With a towering Bruntwood Prize-winning reputation to uphold, hopes were high for this portrayal of individual youth surrounded and trapped by a world much bigger and stronger than itself. War, love and death all rear their heads. In the opening scene, a soggy Blackpool sandcastle is kicked down as soon as its built, its contents covering and scratching the floor in unidentifiable grains; you get the feeling that it’s not going to be a straightforward, crowd-pleasing tale of happy, strife-ridden heroism but rather a story of sheer struggle and perception harrowingly changed by experience.
Every play from the year dot has been about humanity, about individual toil, sacrifice and story. In this case, it is portrayed beautifully through the lost eyes of Carl (smashed out of the ballpark by the amazing Dan Parr), who takes us through the no man’s land of a familiarly decrepit and forgotten seaside town, Blackpool, to the utterly inconceivable no man’s land of Afghanistan.
The audience is initially lulled into the recognisable world of the everyman, cornered and kicking out at the world he was brought up in. He wants more, running constantly from pier to pier trying to beat out loss and the frustration that there have to be bigger fish for him to fry, but getting no closer to knowing what those fish are or where to fry them. He lacks parental insight and direction in equal measure, and the army finds him, offering an escape route on a silver platter, complete with globe-trotting camaraderie and heroism. What he actually experiences is both the discovery and destruction of himself. Facing death on all sides but seeing a meaning to life for the first time, in all its full-frontal honesty.
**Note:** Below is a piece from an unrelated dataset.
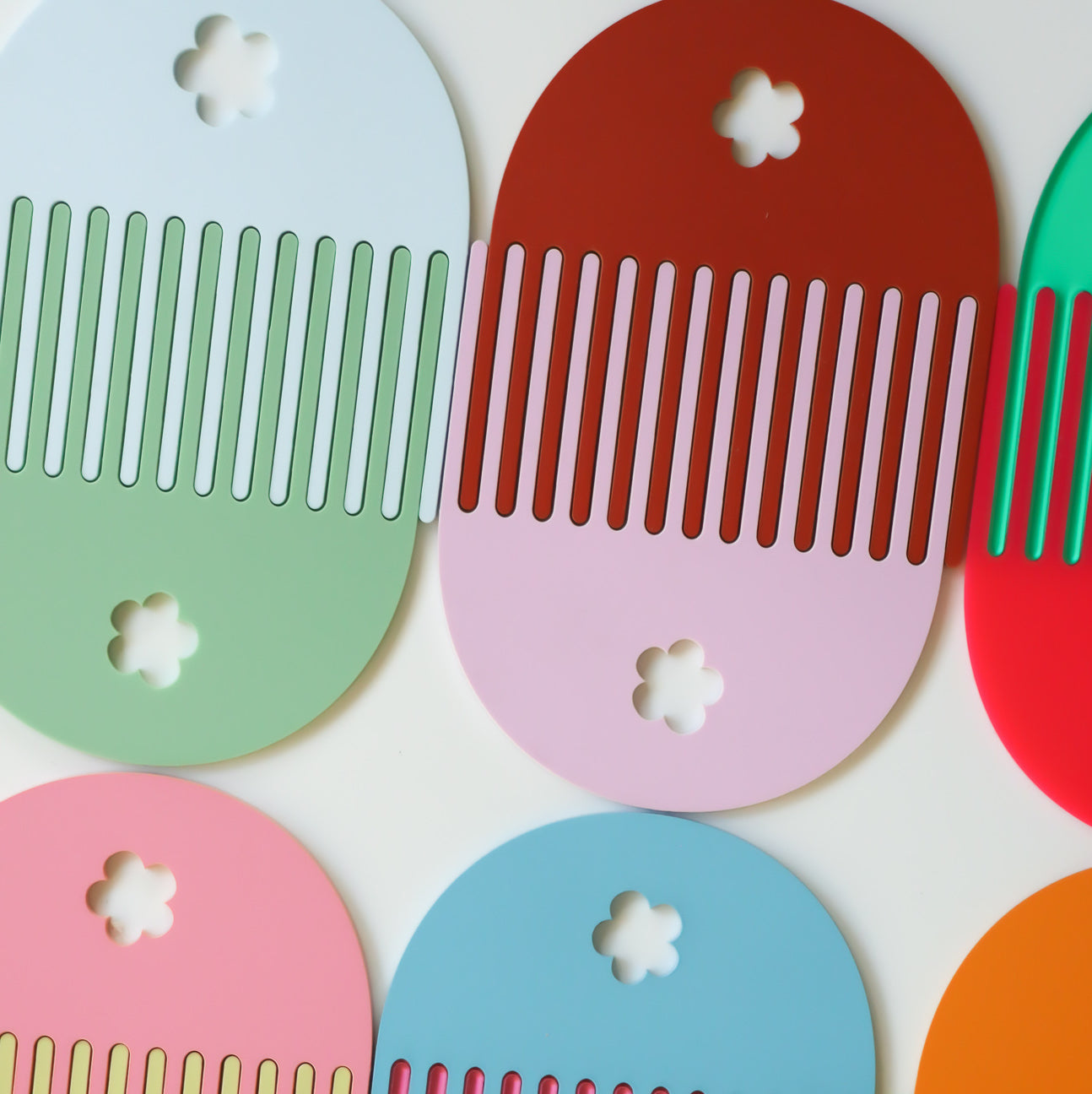 Baby Blue Comb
The most awe-worthy aspect to Gareth Farr’s narrative is his ability to balance the heroic with normality; Carl the Lad schmoozing, boozing and collecting dole in the same corners of Blackpool that he never left to Carl the same lost boy now killing, running, courageously caring and valuing saving above being saved. Farr manages to be unpretentiously and colloquially poetic, drawing the audience in with pace and sincerity. All the while, the army is never once slurred. He is perpetually and shockingly sudden in his narrative but never with so much as a sniff of an anti-war agenda. A delicate theme to play with that I have rarely seen so impressively pulled-off.
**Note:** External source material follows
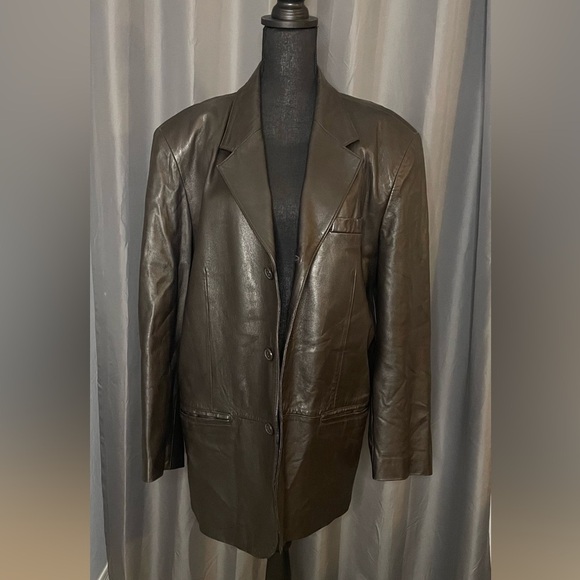 94. Jones New York Men’s Chocolate Brown Leather Jacket - Picture 1 of 4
The performances of the ensemble match the brutal grace of the writing. Dan Parr as Carl drives the dialogue with manic and hard emotional activity. He drilled that emotion into the audience and exhausted us. Michael Peavoy multi-roles, playing his socks off as the army recruiting officer and as job centre regular Andy Appleton, but it was his role as fellow soldier Bilko that was extraordinarily natural, effortlessly amusing and simplistically heart-breaking. Francesca Zoutewelle showed-off the meaning of multi-role-ing, switching from honest and hilarious Goldie, a Blackpool girl content with her lot and representing a little bit of all of us counterbalanced by her emotionally charged and hard-hitting portrayal of Carl’s mother.
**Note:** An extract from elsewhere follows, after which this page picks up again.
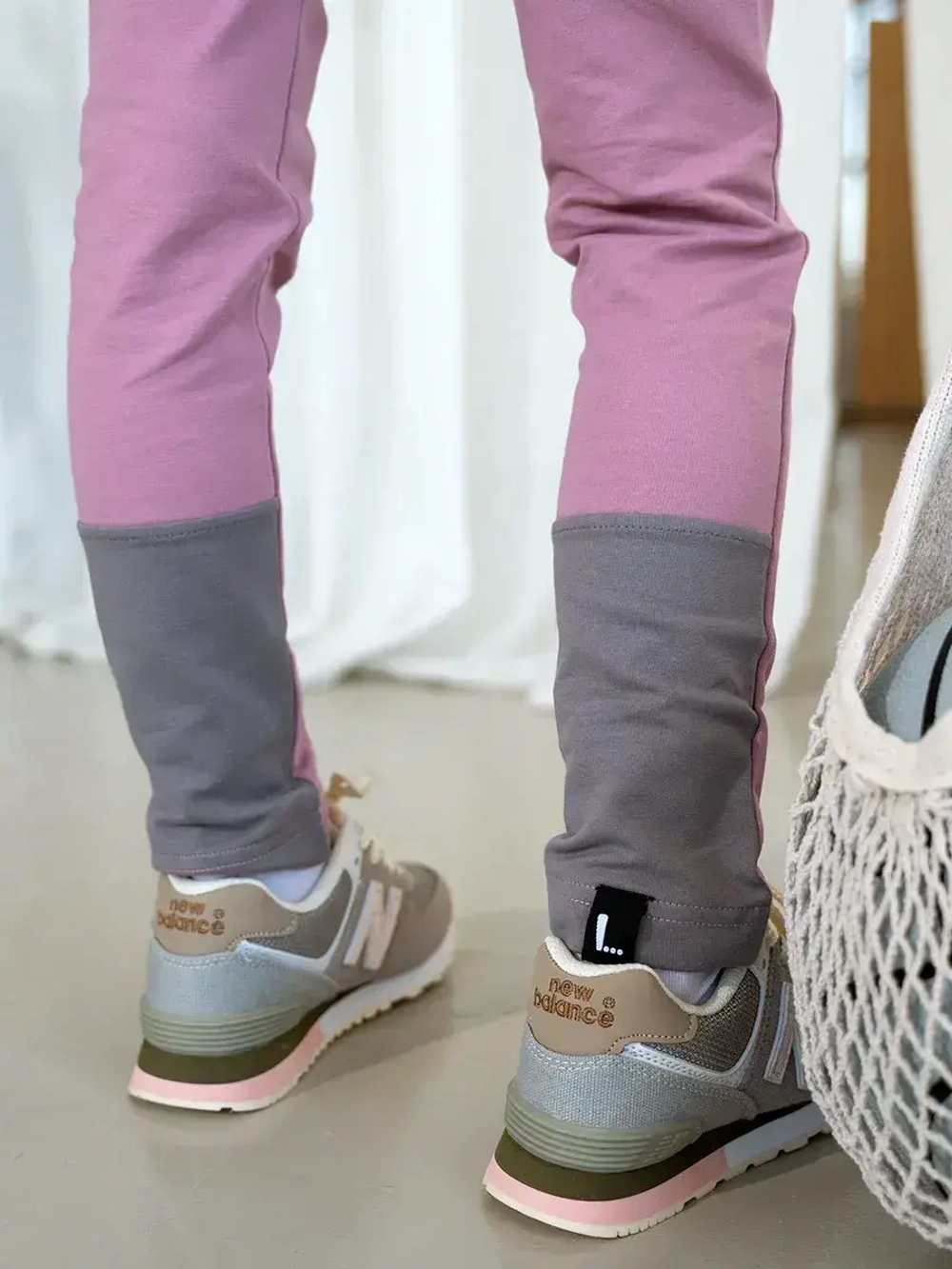 Костюм спортивный для девочки, футболка и леггинсы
If the title were a question “Does Britannia waive the rules?”, then the play’s answer would be no. The overriding message is that rules are set by the individual, carving out a path and finding turmoil, love and loss scattered all the way through it. It is most definitely a production that I’ll struggle to shake off for a while and I whole-heartedly hope that it reaches London and theatres countrywide so that more can experience it.